Holy crap! I bet you were not expecting that. It should perhaps be clear why the query might be slow: it is aggregating columns for every statistical category for each player statistic in the 2012 season. Why? This is the price that we must pay for generality: the query interface doesn't know which statistics you're going to inspect, so it must give you all of them.

But we can do better by writing a much simpler SQL query and adapting it to nfldb's types like we did in the last section:

query = '''
SELECT
  play_player.player_id, SUM(play_player.passing_yds) AS passing_yds
FROM play_player
LEFT JOIN game ON play_player.gsis_id = game.gsis_id
WHERE game.season_type = 'Regular' AND game.season_year = 2012
GROUP BY play_player.player_id
ORDER BY passing_yds DESC LIMIT 5
'''
players = []
with nfldb.Tx(db) as cursor:
    cursor.execute(query)
    for row in cursor.fetchall():
        pp = nfldb.PlayPlayer(db, None, None, None, row['player_id'],
                              None, row)
        players.append(pp)

for pp in players:
    print pp.player_id, pp.passing_yds

And this provides exactly the same output as above, except it runs in 0.2 seconds on my machine (versus 1.3 seconds when using the query interface). The fact that we're only aggregating passing_yds saves a ton of time wasted on aggregating a whole bunch of other categories that are never used.

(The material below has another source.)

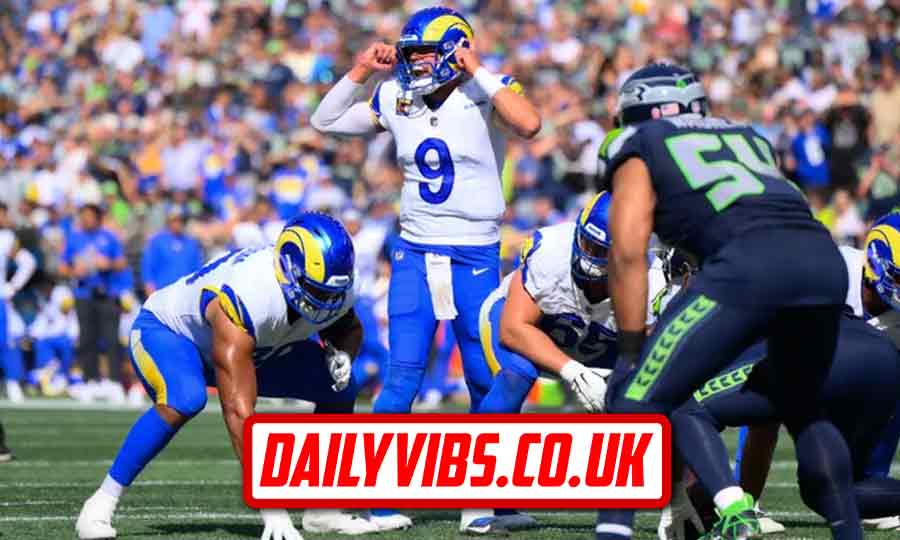 Seahawks vs Los Angeles Rams Match Player Stats showing key players and game performance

You can go even faster than this by restricting the rows to a particular player when you're aggregating statistics for a pre-determined set of players. For example, add the following to the WHERE clause of the SQL query in the last code sample:

play_player.player_id IN ('00-0020531', '00-0026498', '00-0021678', '00-0019596', '00-0026143')

Then the run time drops down to about 0.133 seconds on my machine. But of course, this particular optimization also makes using the query interface more performant:

thebest = ['00-0020531', '00-0026498', '00-0021678', '00-0019596', '00-0026143']

q = nfldb.Query(db)
q.game(season_year=2012, season_type='Regular')
q.player(player_id=thebest)
for pp in q.sort('passing_yds').limit(5).as_aggregate():
    print pp.player_id, pp.passing_yds

Which runs in about 0.16 seconds on my machine. So it's not quite as fast as hand-written SQL, but it's much faster than the 1.3 seconds that we started with.

The moral of the story is to experiment and see what works best for you. But remember, in programming, premature optimization is the root of all evil.